• 17.12.2007 16:22

  • von Pete Fink

Roger Penske und sein Punkte-Trick

Sam Hornish Jr. und Kurt Busch werden wohl ihre Ownerpunkte tauschen - was bedeutet dies und wer verbirgt hinter diesem genialen Schachzug?

(Motorsport-Total.com) - Es gibt im Rennsport zwei Dinge, die Roger Penske und seine Mannschaft bislang noch nicht erreichen konnten: Ein Sieg bei den 24 Stunden von Le Mans und einen Titel in der NASCAR. Natürlich könnte man sofort verargumentieren, dass dem US-Motorsport-Tycoon auch eine Formel-1-Meisterschaft noch abgehen würde, doch die Penske-Aktivitäten in der Formel 1 liegen weit zurück.
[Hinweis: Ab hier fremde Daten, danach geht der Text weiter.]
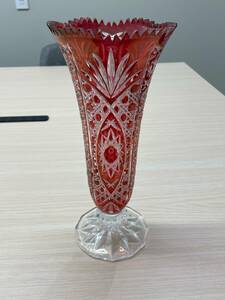 *540 cristal d*arques crystal daruk cut . vase glasswork approximately 27cm France made red 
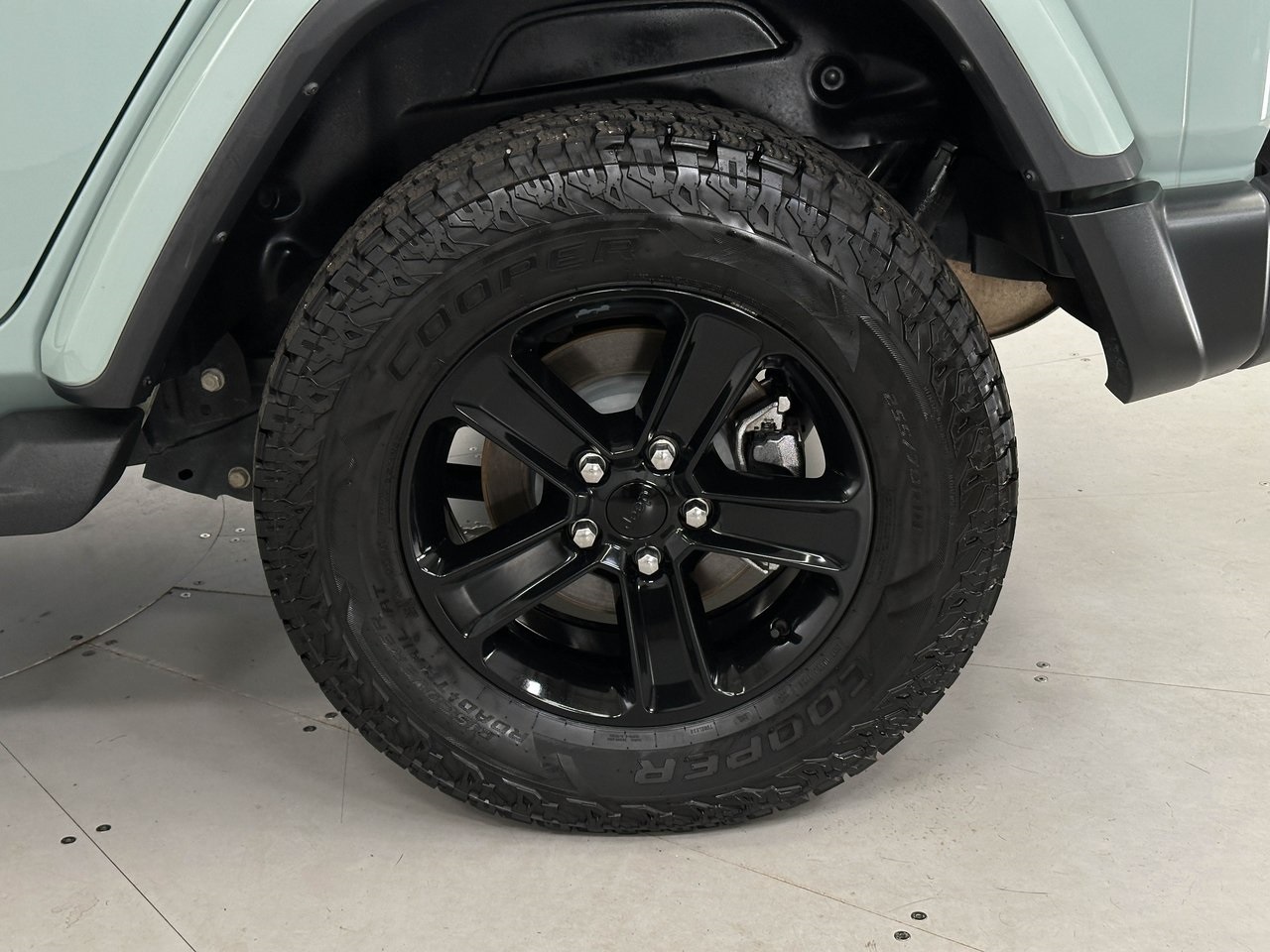 2023 Jeep Wrangler Altitude photo 32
Titel-Bild zur News: Roger Penske

Roger Penske ist einer der wichtigsten Männer um US-Motorsport

Zwischen Kanada 1974 und Japan 1976 nahm Penske Racing 31mal an einem Formel-1-Rennen teil. Österreich spielte dabei zweimal eine zentrale Rolle, denn 1975 verunglückte Penske-Pilot Mark Donohue im Warm Up am Sonntagmorgen tödlich, während John Watson eben dort ein Jahr später den einzigen Penske-Sieg in der Formel 1 holte. Doch der Formel 1 galt nie die große Aufmerksamkeit Penskes, obwohl er 1961 und 1962 sogar selbst in Watkins Glen antrat.#w1#

Wichtiger war für den mittlerweile 70-Jährigen immer das 500 Meilenrennen von Indianapolis. Das "Greatest Spectacle in Racing" konnten die heute in rot-weiß lackierten Penske-Fahrzeuge seit 1979 nicht weniger als 14mal gewinnen. Einer der Piloten, die für das Penske-Team den Siegerschluck in der Victory Lane genießen durften, ist der dreifache IndyCar-Champion Sam Hornish Jr., dessen Triumph 2006 wohl dazu beitrug, dass er nun in der NASCAR gelandet ist.
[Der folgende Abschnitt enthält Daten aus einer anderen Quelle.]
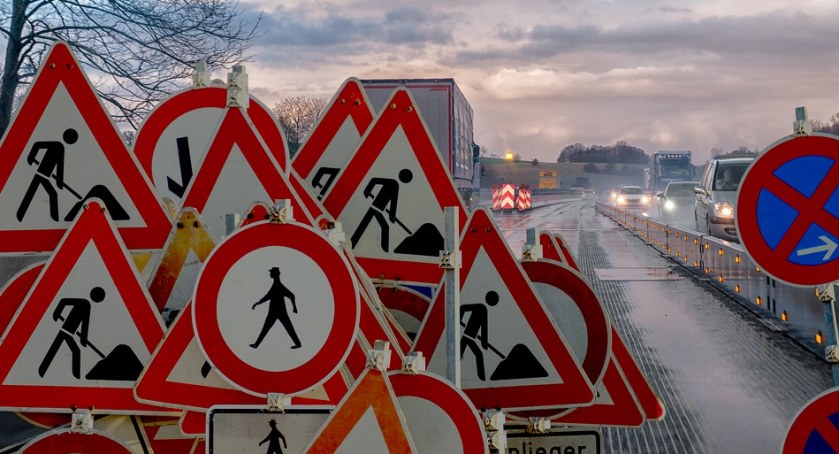 Mazurska, Wyszyńskiego i Szlak Bursztynowy. Miasto podpisało umowy na budowę dróg.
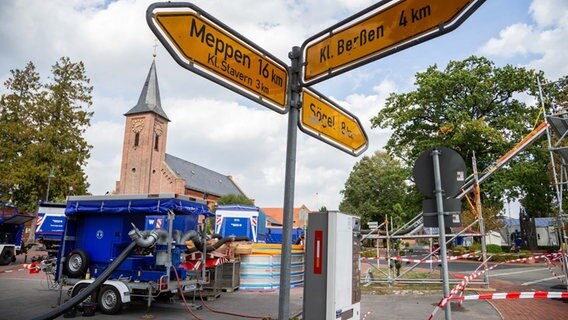 Einsatzkräfte des Technischen Hilfswerks unterstützen in Groß Stavern die Feuerwehr beim Löschen des Moorbrandes, indem sie Wasser an die Einsatzstelle pumpen. © picture alliance | dpa Foto: Mohssen Assanimoghaddam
"Schon als wir Sam unter Vertrag nahmen (2004; Anm. d. Red.), waren unsere Ziele, dass wir gemeinsam das Indy 500 und die Meisterschaft gewinnen wollen, und anschließend zu den StockCars wechseln", verriet Penske bei der Hornish-Bekanntgabe vor einigen Wochen. "Und als Mobil als Sponsor zurückkehren wollte, war dies die perfekte Heirat, denn Mobil weiß, wie man mit einem Rookie arbeiten muss."

Roger Penske ist ein erfahrener Geschäftsmann

Ziel Indianapolis 2006

Sam Hornish Jr. schlägt Marco Andretti beim Indy 500 des Jahres 2006 Zoom

Roger Penske hat es gerne, wenn er mit den Leuten über eine längere Periode zusammen arbeiten kann. Der mehrfache Multi-Millionär sitzt unter anderem im Aufsichtsrat des US-Energieriesen General Electric und betreibt in der Penske Corporation eine Vielzahl von einträglichen Geschäftsgruppen.
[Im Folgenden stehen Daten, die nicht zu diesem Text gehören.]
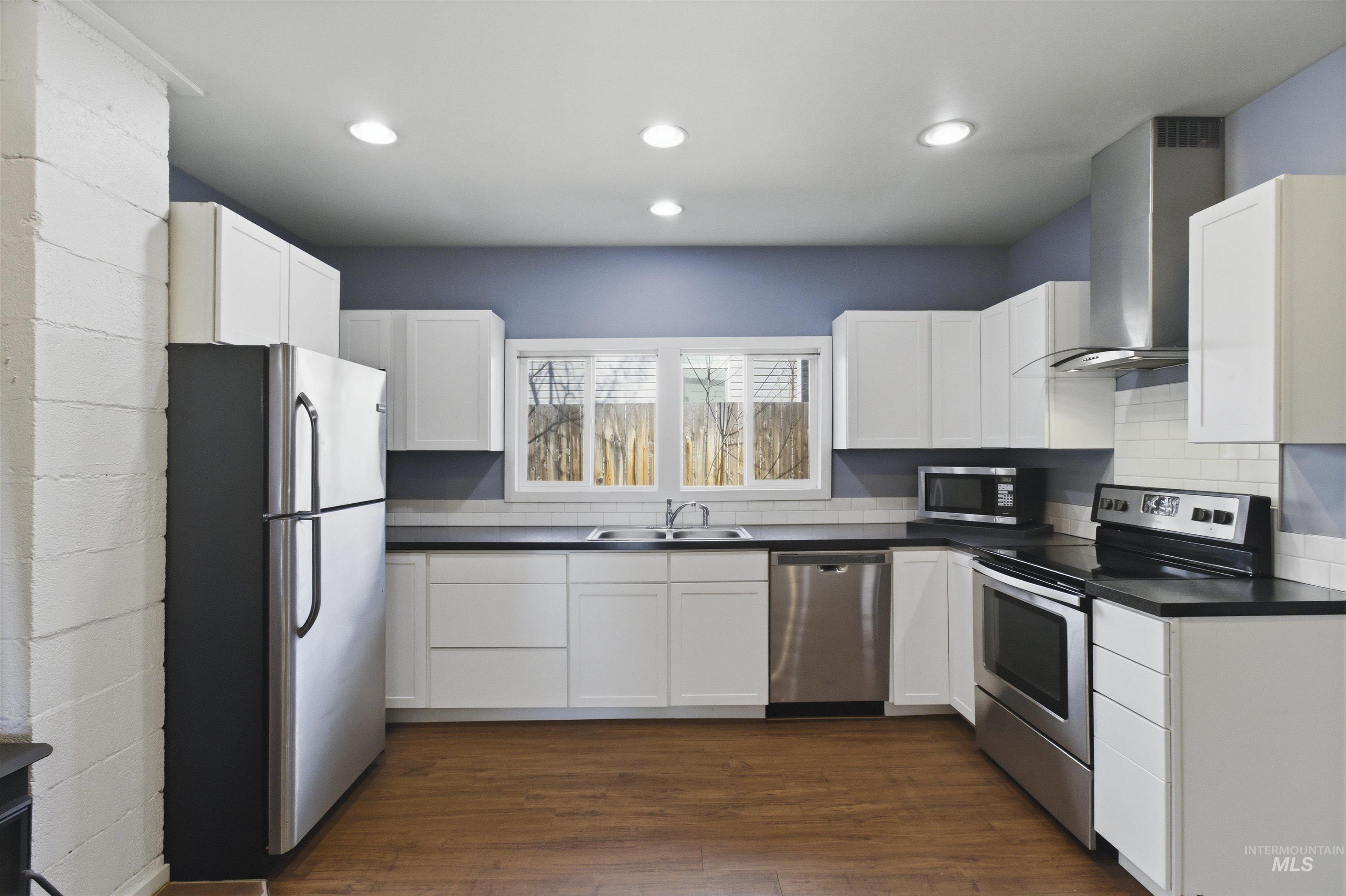 600 Main St, Deary, Idaho 83832, 2 Bedrooms, 2 Bathrooms, Residential For Sale, Price $315,000, 98981224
Seine Rennsportzentrale in Mooresville, North Carolina, in der neben den NASCAR-Teams auch der Hauptsitz seiner IndyCar- und der ALMS-Abteilungen untergebracht ist, erinnert mehr an den Hauptsitz eines großen Wirtschaftskonzerns, als an den Firmensitz eines simplen Rennsportteams.

Und sein gewisser Geschäftssinn hat dem Motorsportverrückten aus Ohio schon oft zu ungewöhnlichen, aber hochprofitablen Aktionen verholfen. Ein gutes Beispiel dafür ist, als er 1973 den Michigan International Speedway für ein Butterbrot übernahm, als ganz Amerika in der ersten Ölkrise vor der OPEC zitterte. Später verkaufte er sein Speedway Imperium mit guten Gewinnen an Bill France und die NASCAR.

Auch vor harten Entscheidungen schreckte Penske nicht zurück. So war er einer der Hauptbeteiligten, als Anfang des Jahrtausends einige ChampCar-Teamchefs ausbrachen, und sich von der CART in Richtung Tony George wandten. Hauptgrund: Natürlich die 500 Meilen von Indianapolis, die sich Indy-Streckenchef George gesichert hatte.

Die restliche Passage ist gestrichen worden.